* DATASET EXCERPTS
=-=-=

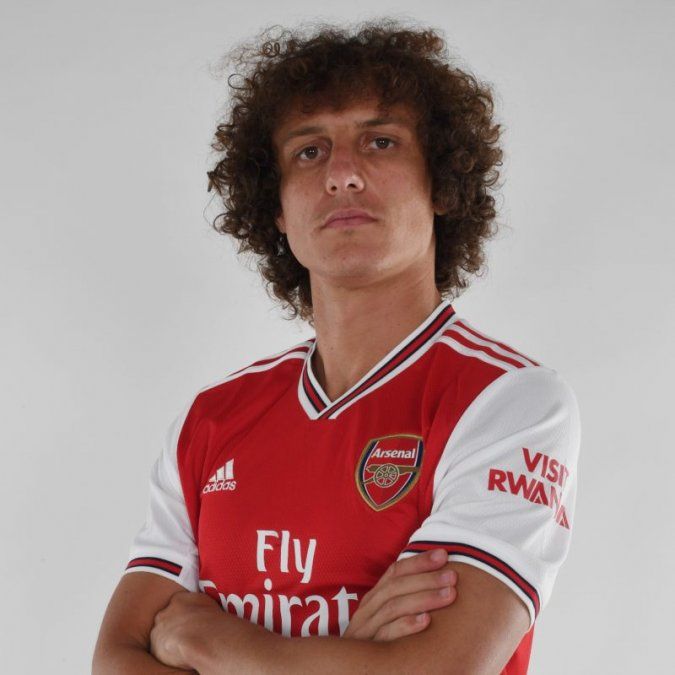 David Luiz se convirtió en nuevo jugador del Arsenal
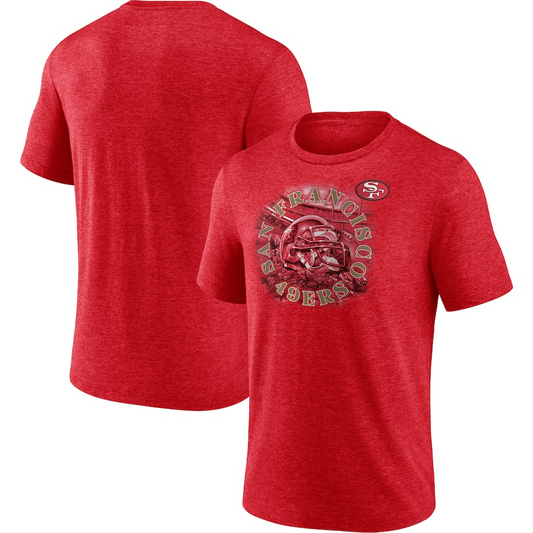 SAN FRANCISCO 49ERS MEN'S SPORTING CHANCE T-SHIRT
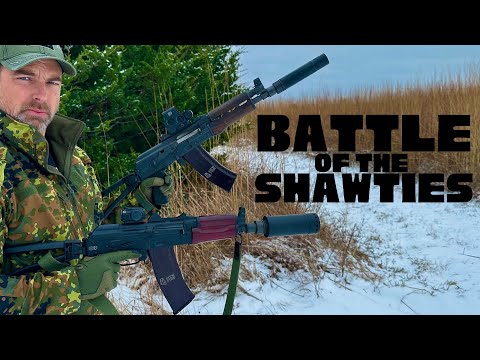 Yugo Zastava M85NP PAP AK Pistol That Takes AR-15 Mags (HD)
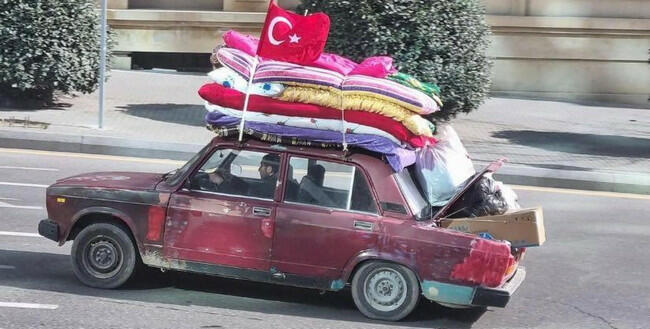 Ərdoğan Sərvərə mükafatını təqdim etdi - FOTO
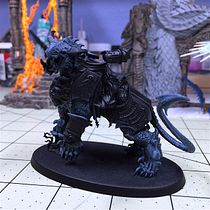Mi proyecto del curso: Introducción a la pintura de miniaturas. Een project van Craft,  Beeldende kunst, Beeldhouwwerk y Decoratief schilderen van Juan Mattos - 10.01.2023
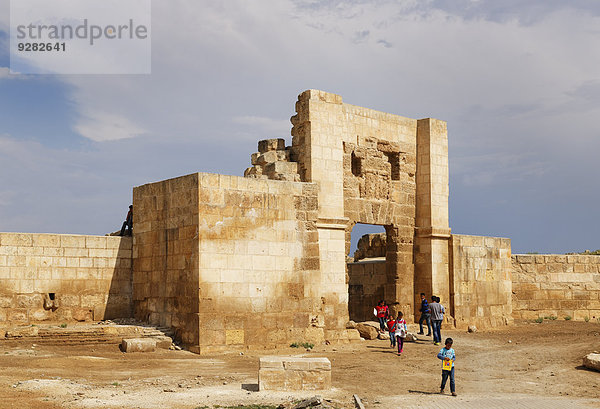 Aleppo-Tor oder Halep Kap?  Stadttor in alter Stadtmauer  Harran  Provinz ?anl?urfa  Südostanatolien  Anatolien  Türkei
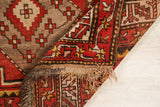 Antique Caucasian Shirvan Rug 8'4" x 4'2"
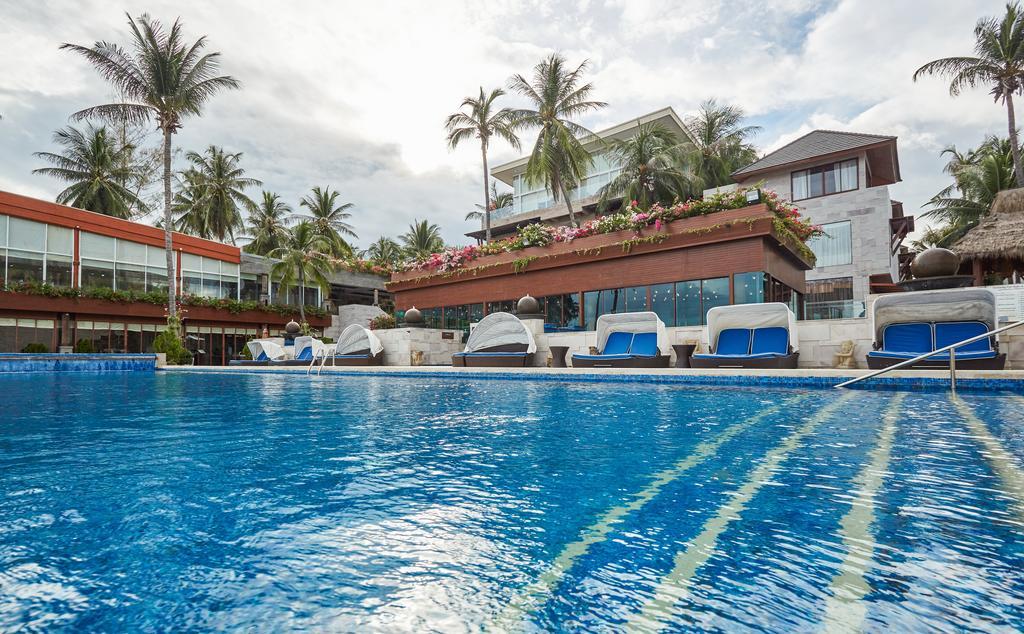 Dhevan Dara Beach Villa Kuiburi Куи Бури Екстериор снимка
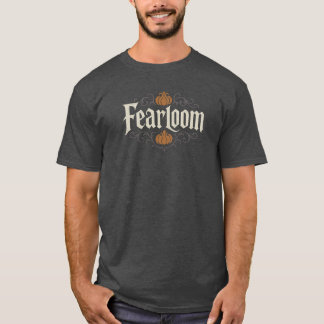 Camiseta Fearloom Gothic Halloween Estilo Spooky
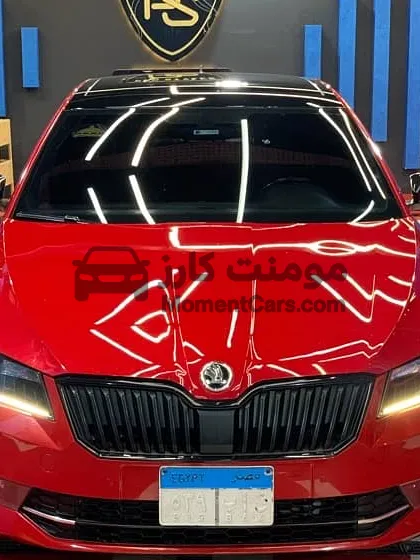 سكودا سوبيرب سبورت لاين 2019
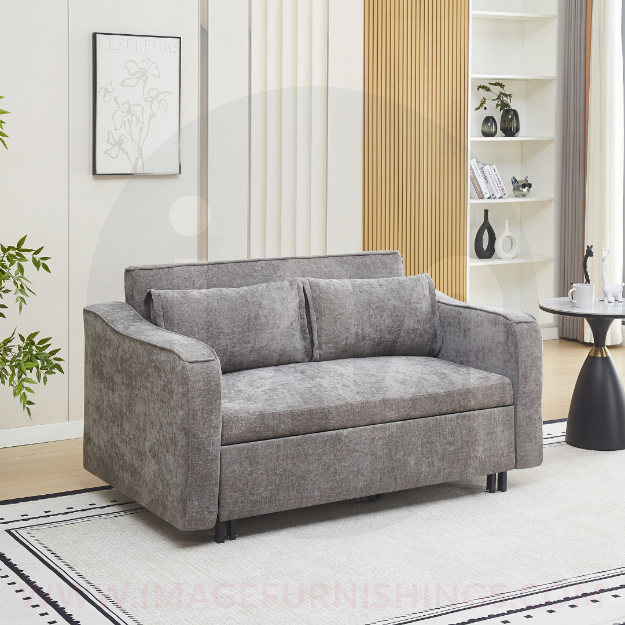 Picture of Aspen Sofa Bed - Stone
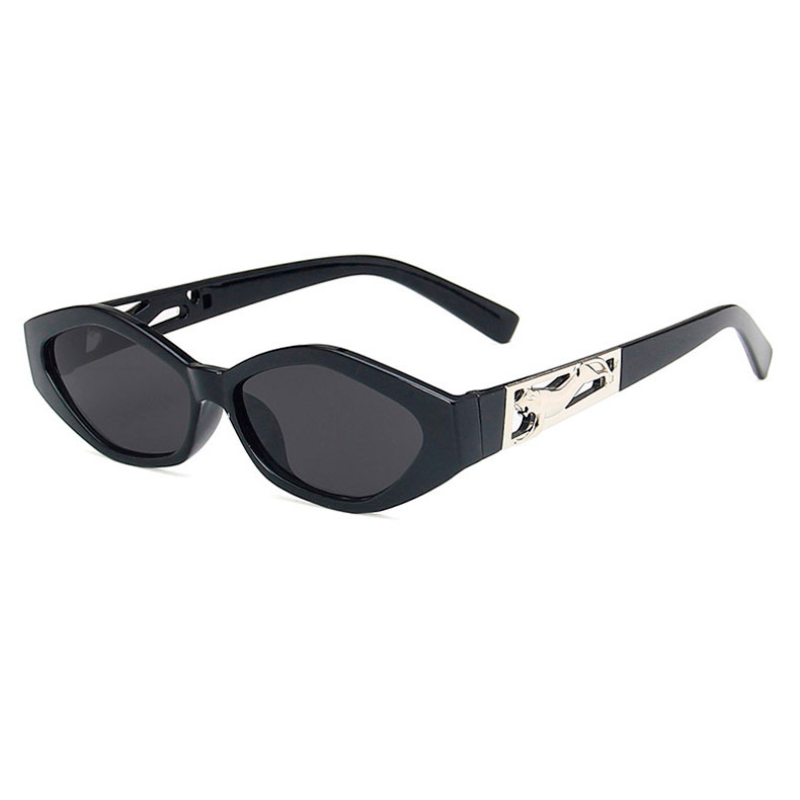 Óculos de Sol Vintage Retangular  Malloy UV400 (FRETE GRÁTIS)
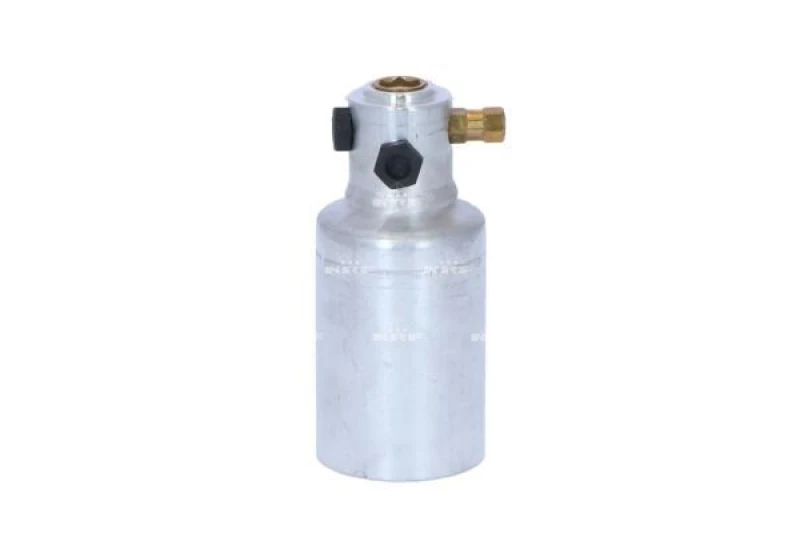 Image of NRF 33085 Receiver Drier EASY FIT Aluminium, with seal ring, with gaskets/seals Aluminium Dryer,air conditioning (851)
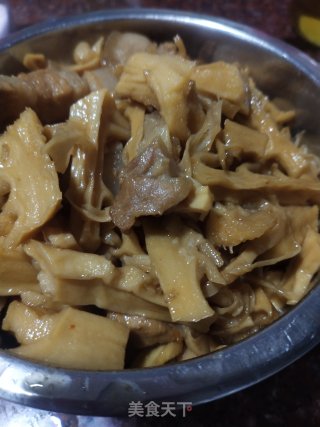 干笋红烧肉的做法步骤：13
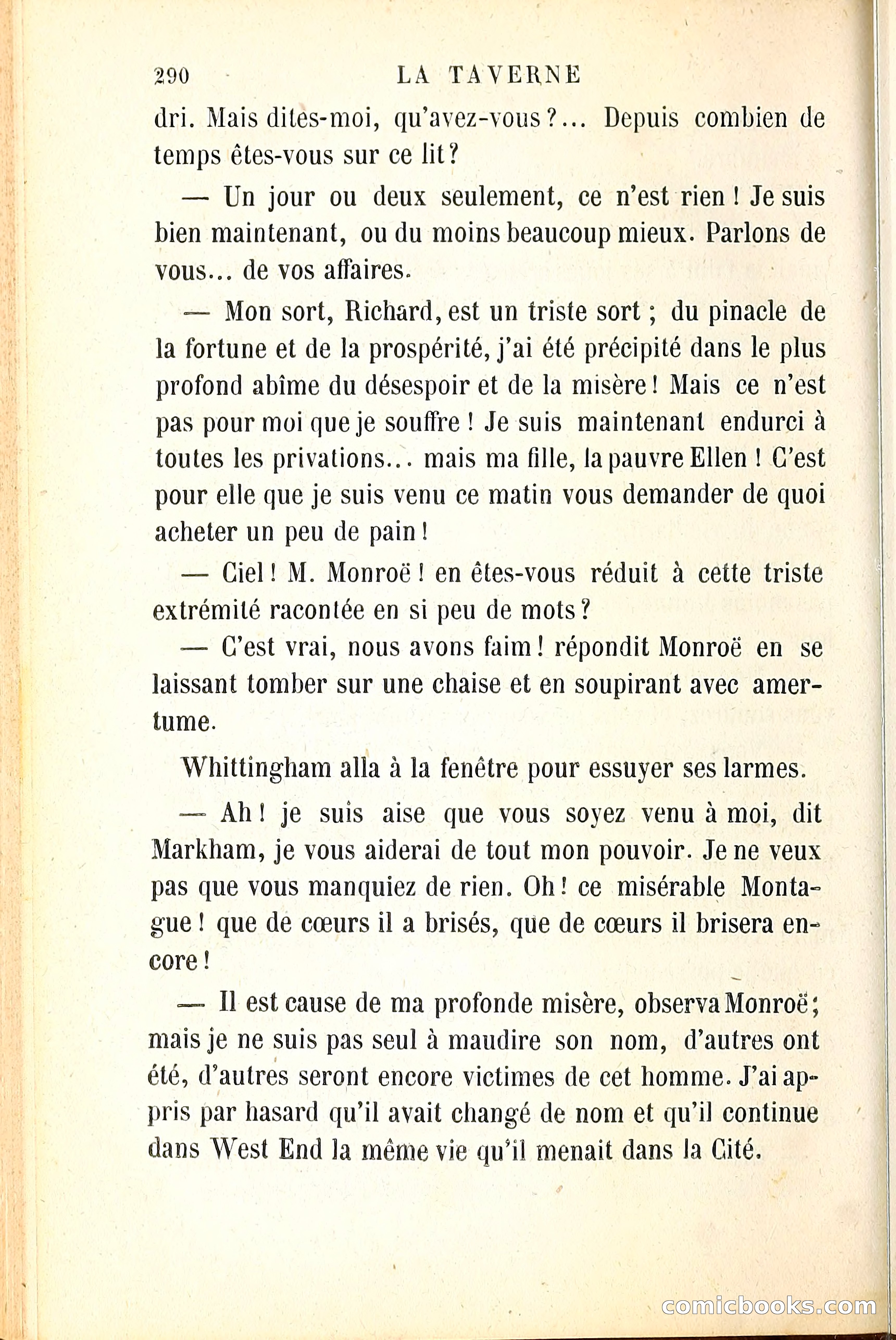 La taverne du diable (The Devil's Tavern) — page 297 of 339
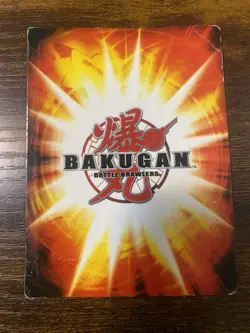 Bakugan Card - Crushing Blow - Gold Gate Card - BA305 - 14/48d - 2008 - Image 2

=-=-=

* TASK DESCRIPTION
Exactly the lines starting at the one above with "سكودا سوبيرب سبورت لاين 2019" and ending at the one with "干笋红烧肉的做法步骤：13" should be printed, and nothing else. Omit the pictures.

* COMPLETED TASK
 سكودا سوبيرب سبورت لاين 2019
 Picture of Aspen Sofa Bed - Stone
 Óculos de Sol Vintage Retangular  Malloy UV400 (FRETE GRÁTIS)
 Image of NRF 33085 Receiver Drier EASY FIT Aluminium, with seal ring, with gaskets/seals Aluminium Dryer,air conditioning (851)
 干笋红烧肉的做法步骤：13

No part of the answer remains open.